Penuturan itu, disampaikan Gubernur melalui sambutan tertulis yang dibacakan Asisten III, Setda Provinsi Papua, Drs. Djabar Abdul Kadir, pada acara dialog penolakan revisi UU RI Nomor 13 Tahun 2003, tentang ketenagakerjaan, yang digelar di Sasana Karya Kantor Gubernur Dok II, Jayapura, Kamis (18/5) kemarin.

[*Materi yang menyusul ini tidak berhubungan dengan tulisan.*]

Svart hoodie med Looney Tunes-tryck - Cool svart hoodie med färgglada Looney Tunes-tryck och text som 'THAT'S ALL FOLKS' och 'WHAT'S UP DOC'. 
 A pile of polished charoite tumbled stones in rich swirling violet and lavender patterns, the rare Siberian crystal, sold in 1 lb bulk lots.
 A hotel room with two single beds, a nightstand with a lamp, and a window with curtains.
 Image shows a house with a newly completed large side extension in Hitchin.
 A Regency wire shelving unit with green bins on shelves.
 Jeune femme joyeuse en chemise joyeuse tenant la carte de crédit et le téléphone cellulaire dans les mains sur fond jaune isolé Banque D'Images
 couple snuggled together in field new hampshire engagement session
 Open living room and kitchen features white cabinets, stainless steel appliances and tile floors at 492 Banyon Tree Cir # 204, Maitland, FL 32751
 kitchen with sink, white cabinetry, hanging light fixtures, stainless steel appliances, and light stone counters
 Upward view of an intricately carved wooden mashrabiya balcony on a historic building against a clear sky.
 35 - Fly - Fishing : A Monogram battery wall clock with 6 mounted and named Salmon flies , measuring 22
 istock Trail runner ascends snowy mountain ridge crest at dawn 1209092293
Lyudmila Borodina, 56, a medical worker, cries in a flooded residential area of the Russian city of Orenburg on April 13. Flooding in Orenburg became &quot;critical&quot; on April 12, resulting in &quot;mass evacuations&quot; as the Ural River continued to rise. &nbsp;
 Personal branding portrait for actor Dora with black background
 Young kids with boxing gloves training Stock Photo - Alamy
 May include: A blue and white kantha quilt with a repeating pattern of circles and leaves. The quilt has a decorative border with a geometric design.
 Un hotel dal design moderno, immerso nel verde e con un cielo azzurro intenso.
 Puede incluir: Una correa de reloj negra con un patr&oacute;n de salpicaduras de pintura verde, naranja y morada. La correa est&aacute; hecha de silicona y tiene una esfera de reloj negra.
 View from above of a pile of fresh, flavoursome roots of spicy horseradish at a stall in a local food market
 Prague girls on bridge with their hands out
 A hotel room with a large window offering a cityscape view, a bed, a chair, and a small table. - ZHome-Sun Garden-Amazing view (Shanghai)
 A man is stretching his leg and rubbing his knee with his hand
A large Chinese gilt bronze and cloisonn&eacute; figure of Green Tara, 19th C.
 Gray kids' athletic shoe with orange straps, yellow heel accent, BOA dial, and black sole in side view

Menurut Gubernur, penyelesaian masalah melalui musyawarah dan perundingan-perundingan, akan membangun hubungan industrial yang harmonis, dinamis dan berkeadilan. Sehingga demikian, melalui pelaksanaan dialog yang digelar, diharapkan dapat menghasilkan suatu kebijakan maupun saran-saran kepada Pemerintah Pusat, untuk mempertimbangkan pemberlakukan revisi yang dianggap oleh para pekerja sangat merugikan.
"Saya yakin untuk Papua, juga tidak luput dari berbagai kekhawatiran dengan adanya revisi UU Nomor 13 Tahun 2003, tapi saya minta kepada Konfederasi SPSI Papua selaku wadah dari pekerja kita, agar mengedepankan musyawarah dan perundingan, untuk menyikapi revisi tersebut.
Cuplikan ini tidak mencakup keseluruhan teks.